_DATA FOR ANALYSIS_.
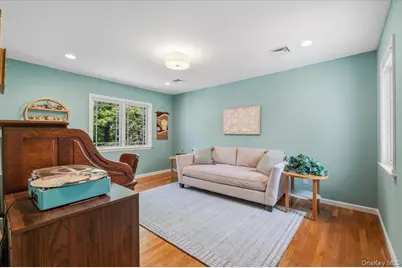 8 Lewis Lane, Port Washington, NY 11050 - Photo 28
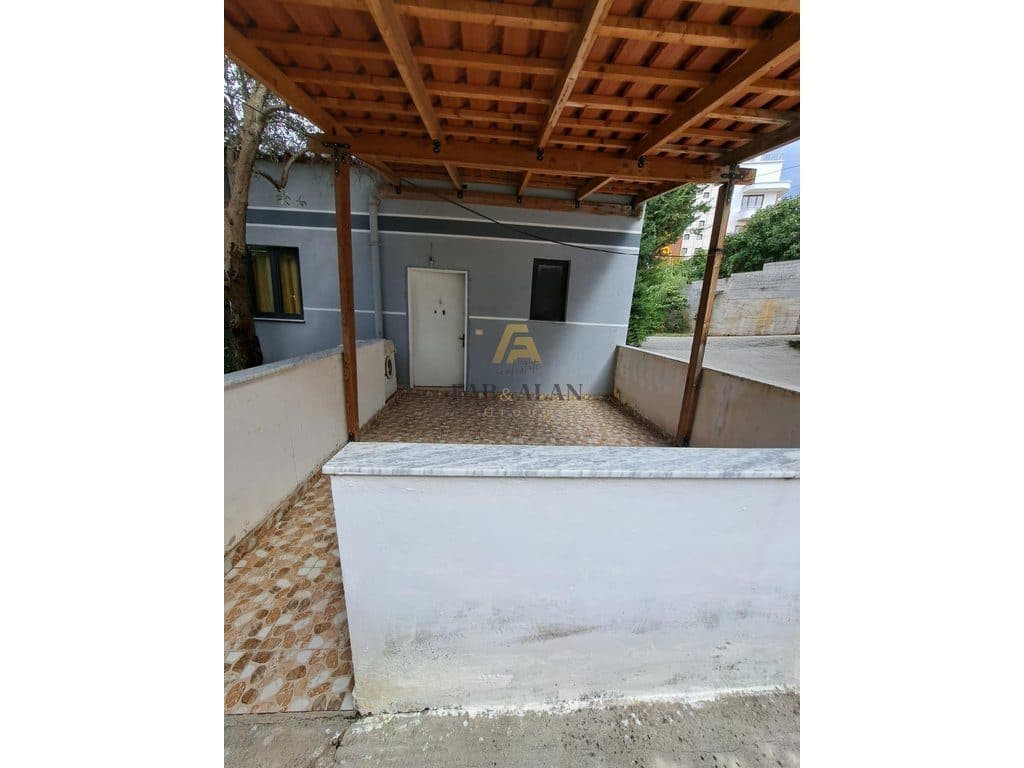 Apartament 1+1 Me Qira në Ali Demi, Tiranë - 200€ | 55 m² 2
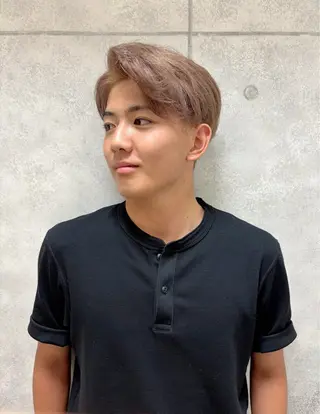 ショート issei 梅田ハイトーン⭐️のヘアスタイル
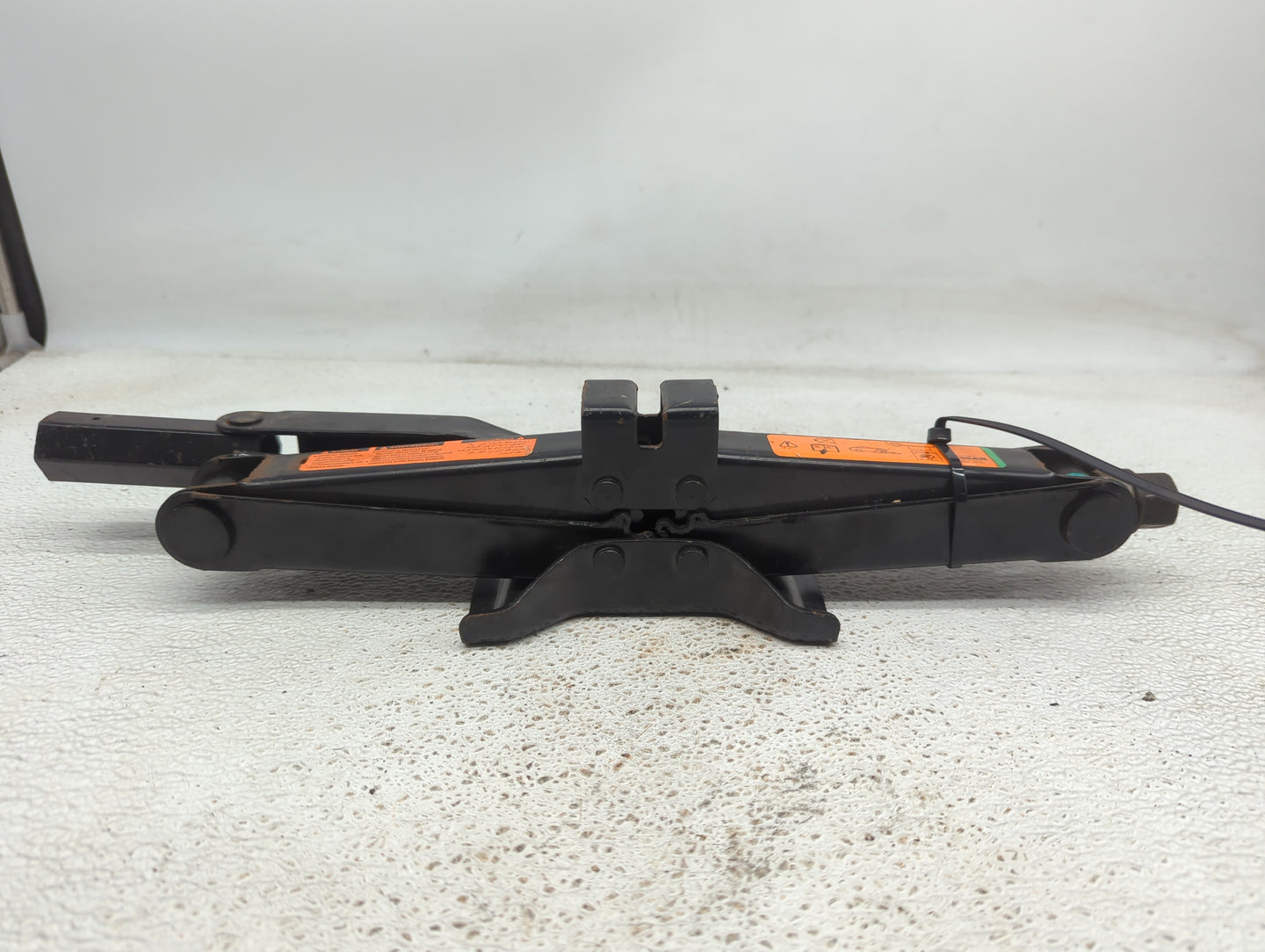 2012 Chevrolet Impala Spare Scissor Car Jack - Oemusedautoparts1.com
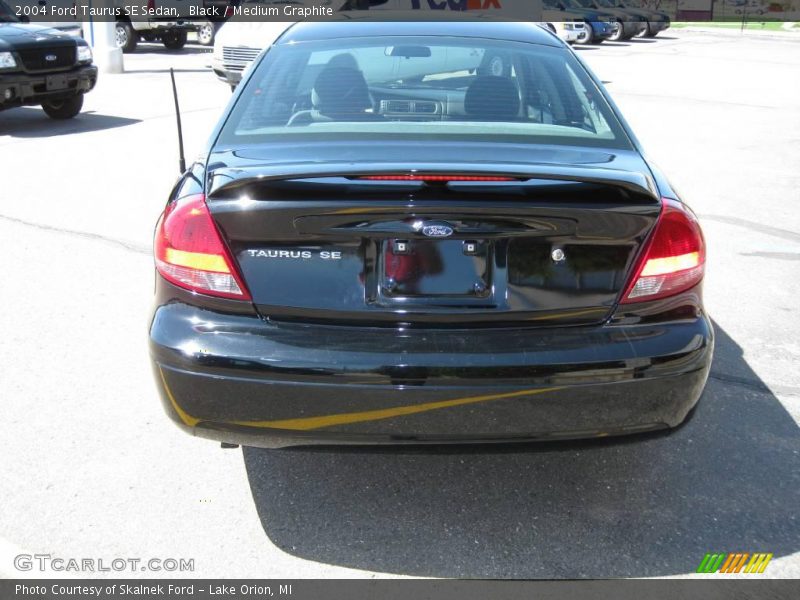 Black / Medium Graphite 2004 Ford Taurus SE Sedan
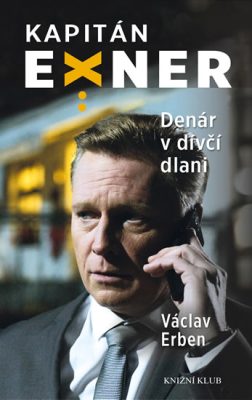 denar v divci dlani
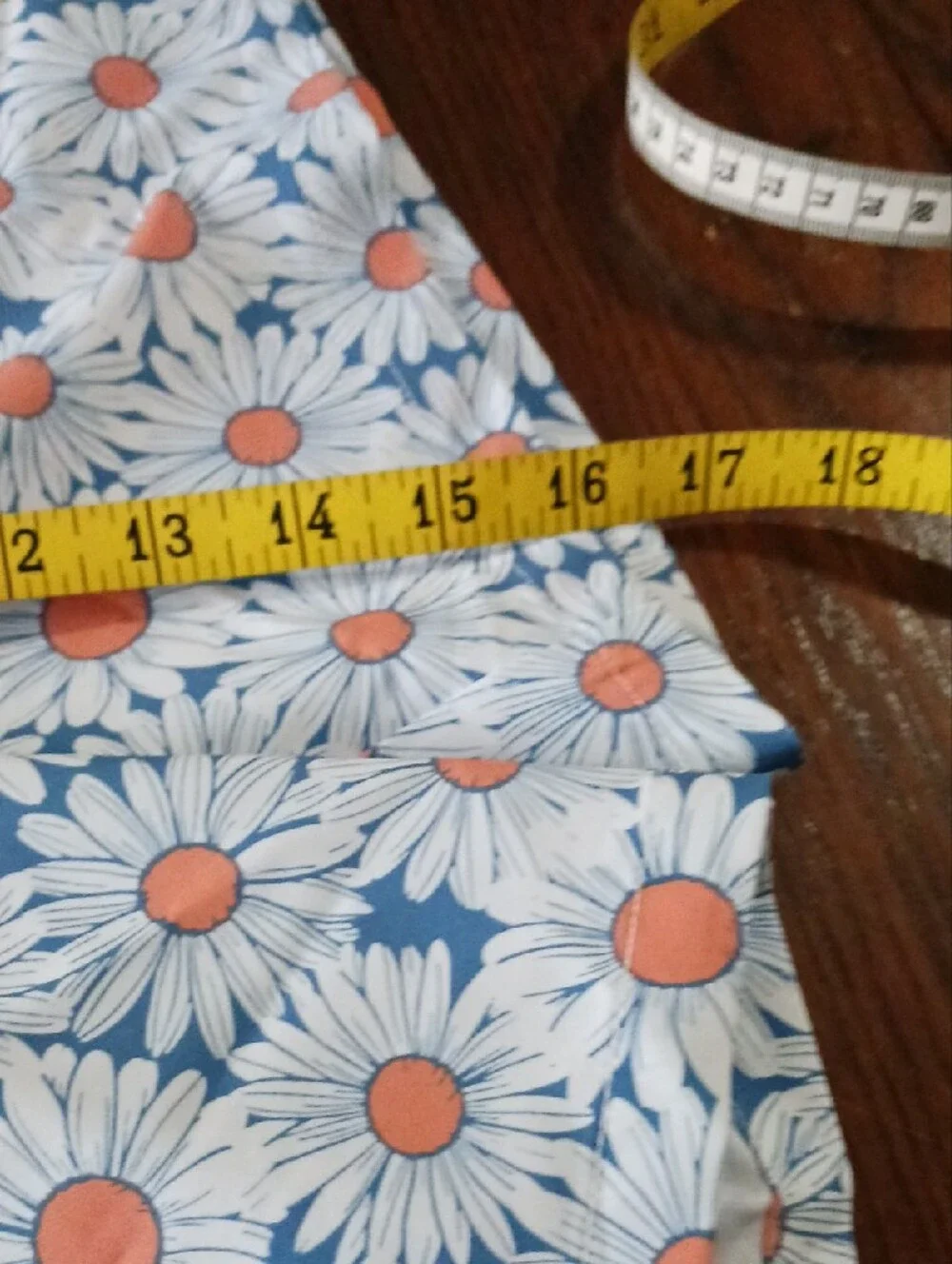 NEW!! Goodfellow & Co Light Blue Daisy-Print Swim Shorts with Orange Centers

_TASK BRIEF_. The reply must hold every line above exactly as written and none of the pictures.

_ANSWER SPACE_.
 8 Lewis Lane, Port Washington, NY 11050 - Photo 28
 Apartament 1+1 Me Qira në Ali Demi, Tiranë - 200€ | 55 m² 2
 ショート issei 梅田ハイトーン⭐️のヘアスタイル
 2012 Chevrolet Impala Spare Scissor Car Jack - Oemusedautoparts1.com
 Black / Medium Graphite 2004 Ford Taurus SE Sedan
 denar v divci dlani
 NEW!! Goodfellow & Co Light Blue Daisy-Print Swim Shorts with Orange Centers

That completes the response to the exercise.